When the goblins approached the light, a dance of sound and shadows began. Thremp saw it had not been a singular glow but a collection of dozens that hung about the river’s surface. They began to zip through the air with a whistle, one by one. A loud pop and a pained silhouette of small stature cast into the night as each small glow struck. More moving shadows and the sound of clambering metal as Thremp skulked even closer.
A quick moving figure atop what was perhaps a boulder that had been rolled into the water. Spinning and hurling these little pin-pricks of gentle glow, they caused whipcrack explosions on their targets. This figure defended the rock they stood on best they could, but despite several now-burning victims of the magic flames they cast into the night, more pulled past and began clambering. Where some might see the play of nightmares, Thremp saw both opportunity and interruption. The Whispy Stingers would fly quickly and truly, and this goblin threat now distracted would be quick work.
Closing in on his first mark, hidden from the dance of shadows in the night, Thremp knew there would be none left to flee or follow.
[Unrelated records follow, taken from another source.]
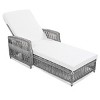 Outdoor Wicker Reclining Chaise Lounge,Adjustable Patio Recliner with Armrests And Cushions,All-Weather Rattan Pool Lounge-Maison Boucle - 3 of 4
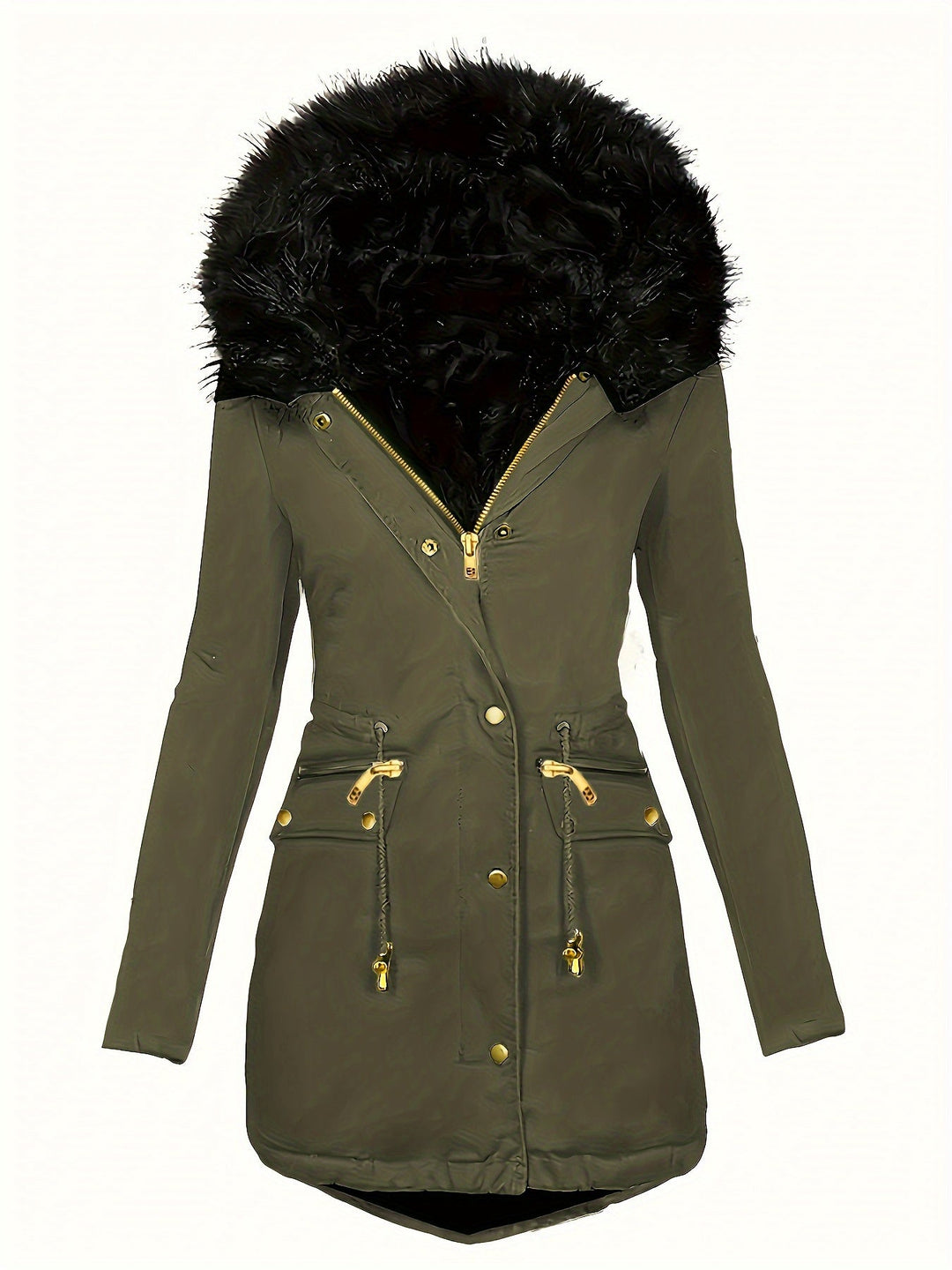 W&W Mode | Zip up Parka Mantel mit Knöpfen Kapuze Damen Winterjacke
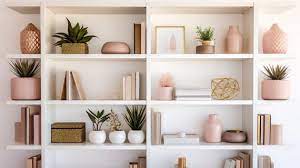 Pink Boho Chic Home Office Shelving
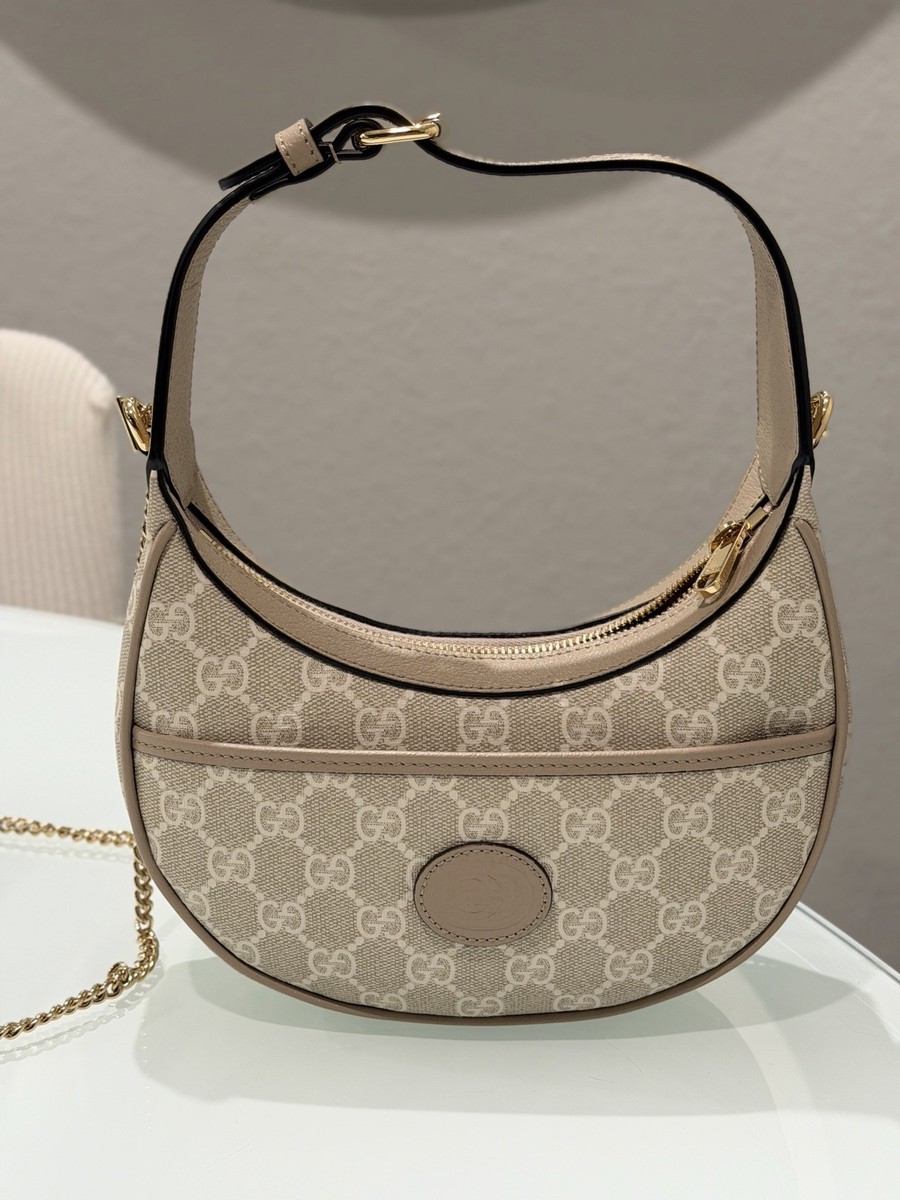 Gucci GG Beige and Half Supreme Moon Shoulder Bag Gold *Rare* | eBay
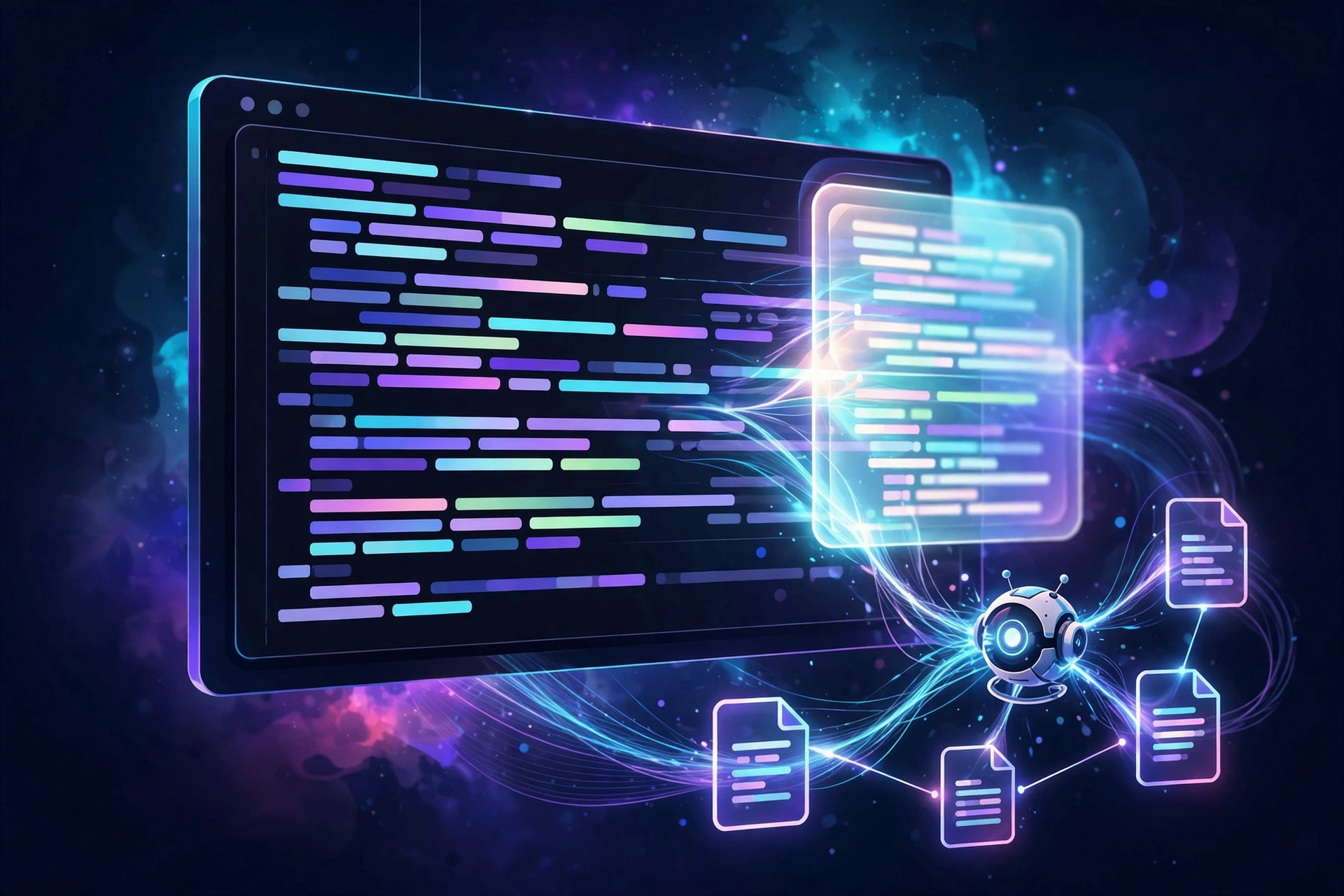 Abstract illustration of Cursor AI code editor with an AI agent assisting multi-file code editing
There would have to be more hunts yet.
The rhythm of a practiced hand sewing fast thread followed, and soon it was but Thremp and the rock dweller who remained. It was those little seed pods from the forest further inland, Thremp now noticed. But he had never seen them display any such radiant properties in the past. Some still remained about the rocks glowing with violent promise, lighting pale glares across the spilled blood.
Then the boulder opened its mouth, and started shoveling corpses into itself.